Quote exactly, and only, the lines from the one containing "Авиаэксперт Айдар Окенов" through the end of the material below. Skip pictures.

---

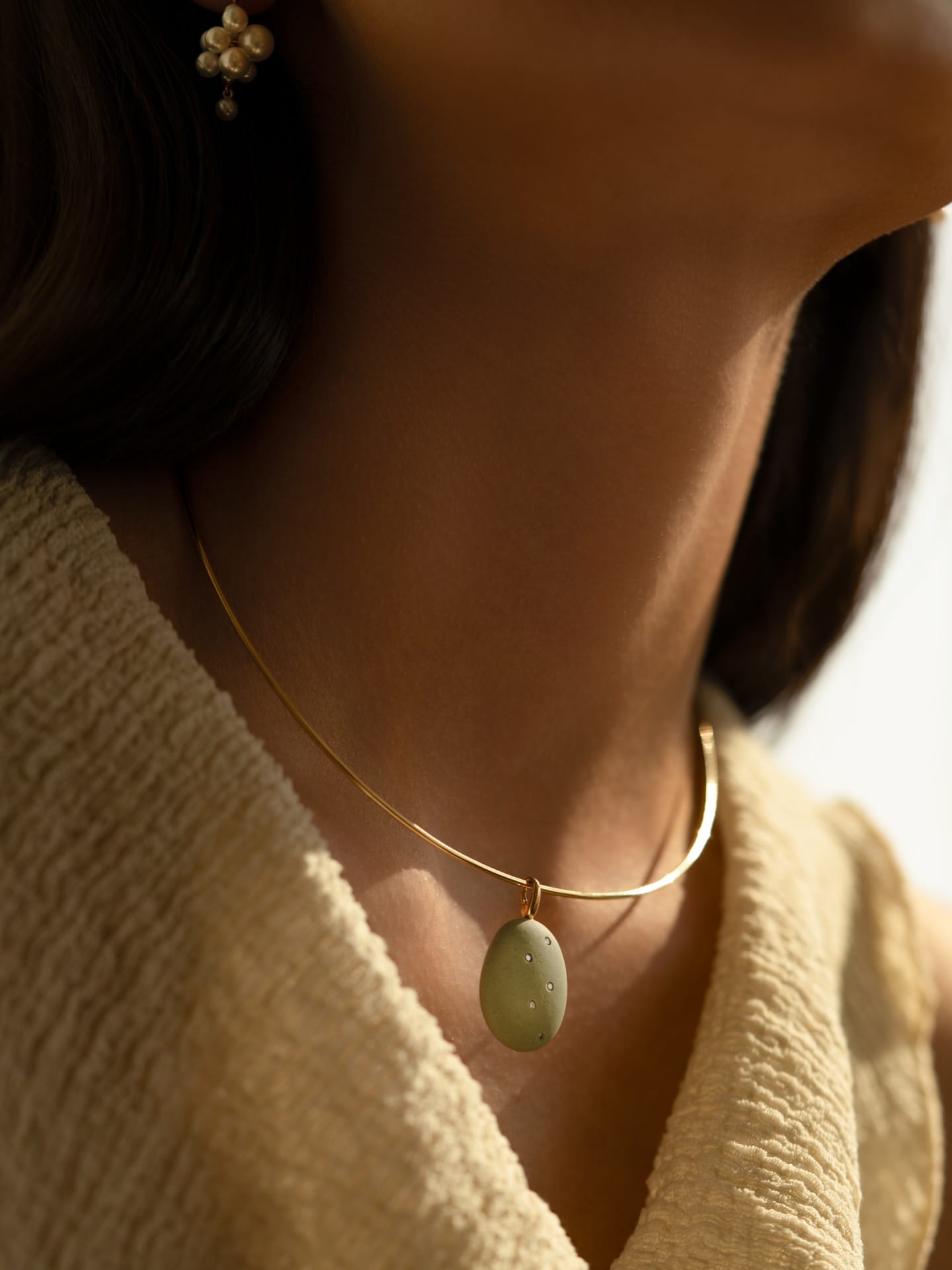 Beautifully suspended treasures. 💫 Each CVC Stones necklace features a one-of-a-kind beach pebble, encrusted with natural diamonds. Discover more at the link in bio at #AUBADEJEWELRY.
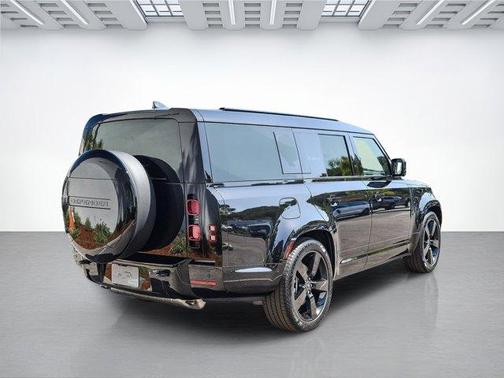 2025 Land Rover Defender P400 X-Dynamic SE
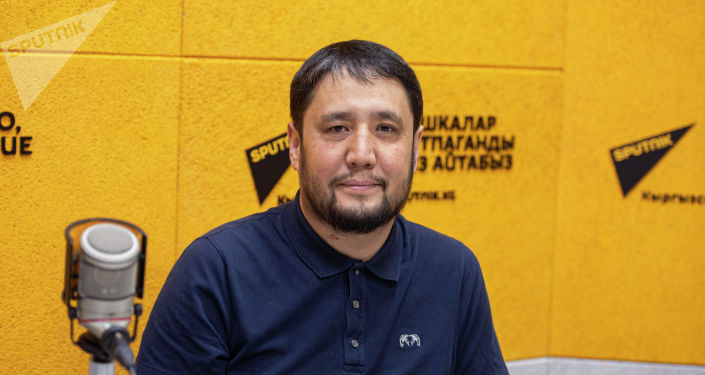 Авиаэксперт Айдар Окенов на радио Sputnik Кыргызстан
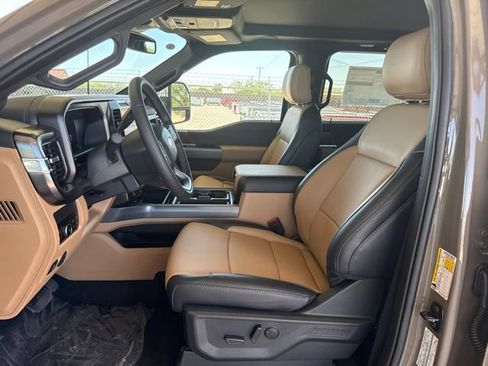 New 2026 Ford F250 Lariat w/ Lariat Ultimate Package AWD/4WD image 13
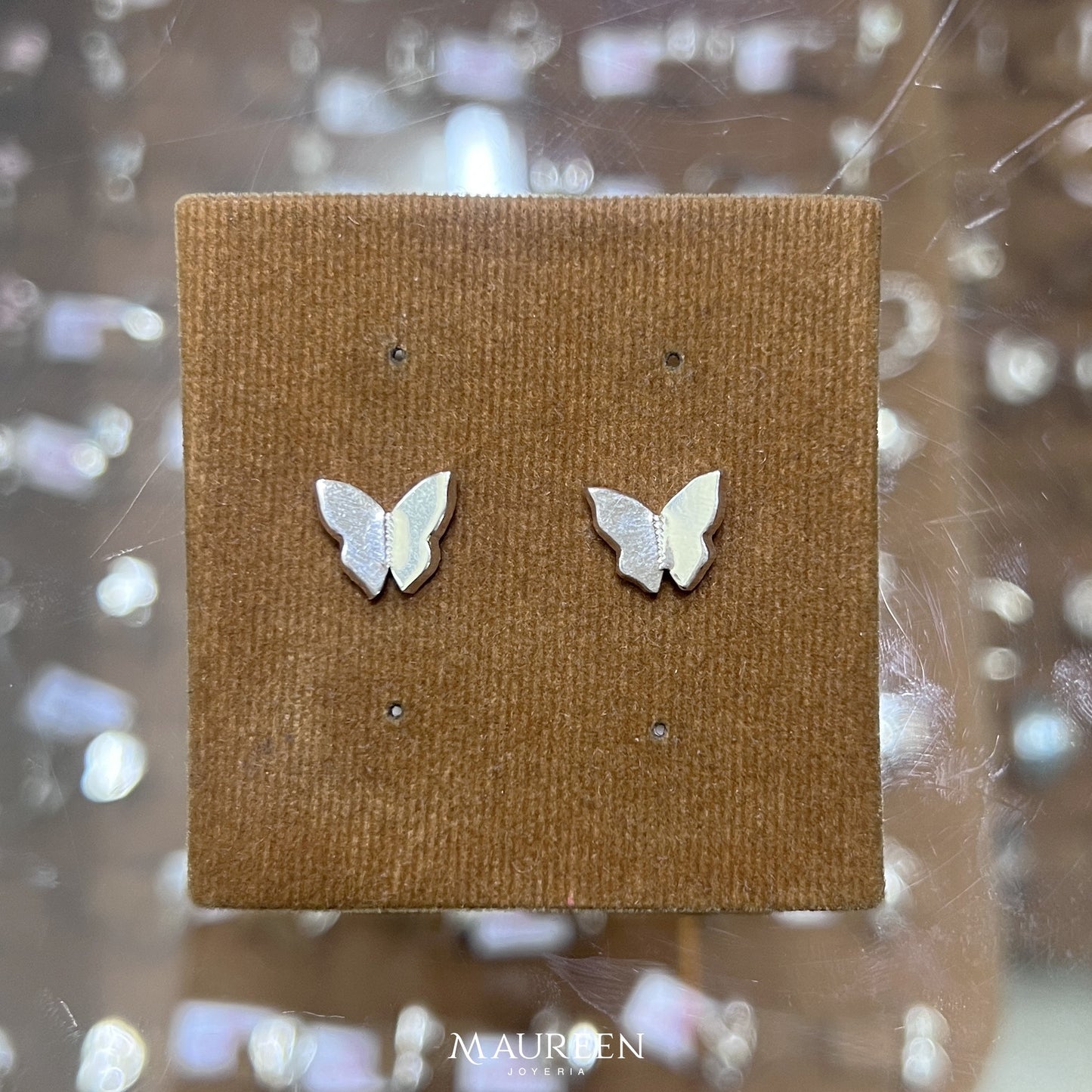 Arete mariposa volando encajonado - Plata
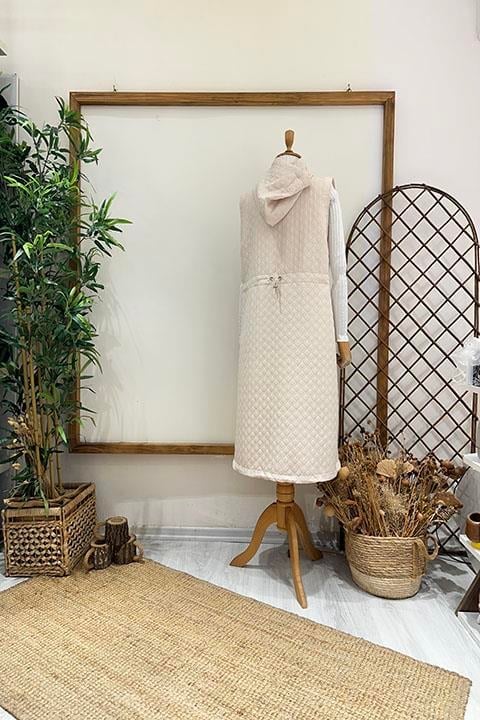 KAPİTONE YELEK Taş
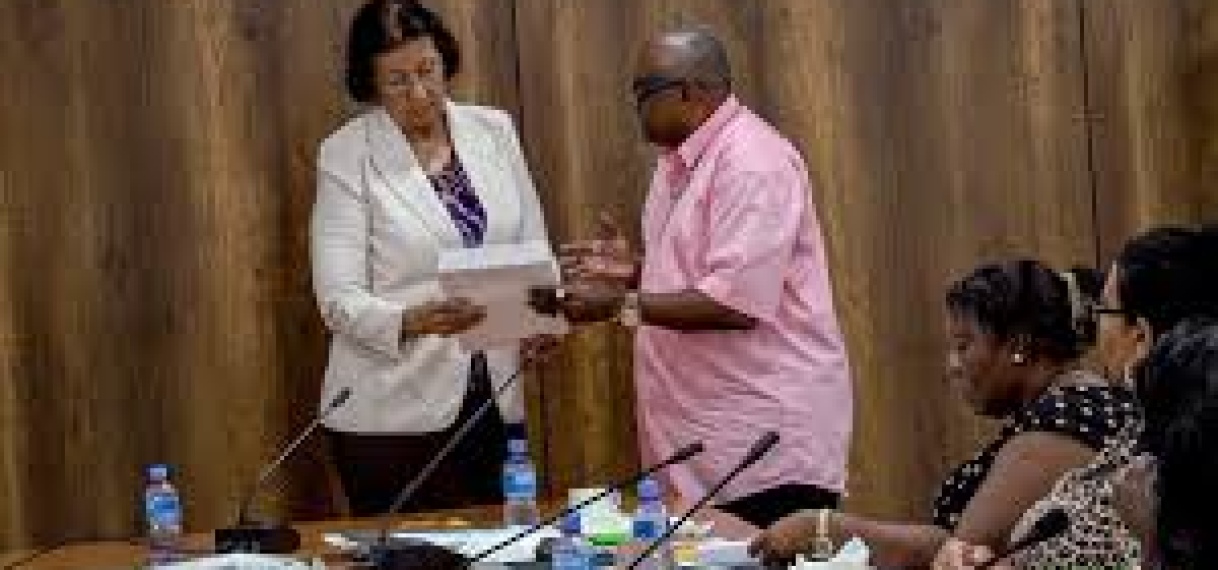 President en onderwijsbonden buigen zich over knelpunten en toekomst sector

---

**Solved exercise**.
 Авиаэксперт Айдар Окенов на радио Sputnik Кыргызстан
 New 2026 Ford F250 Lariat w/ Lariat Ultimate Package AWD/4WD image 13
 Arete mariposa volando encajonado - Plata
 KAPİTONE YELEK Taş
 President en onderwijsbonden buigen zich over knelpunten en toekomst sector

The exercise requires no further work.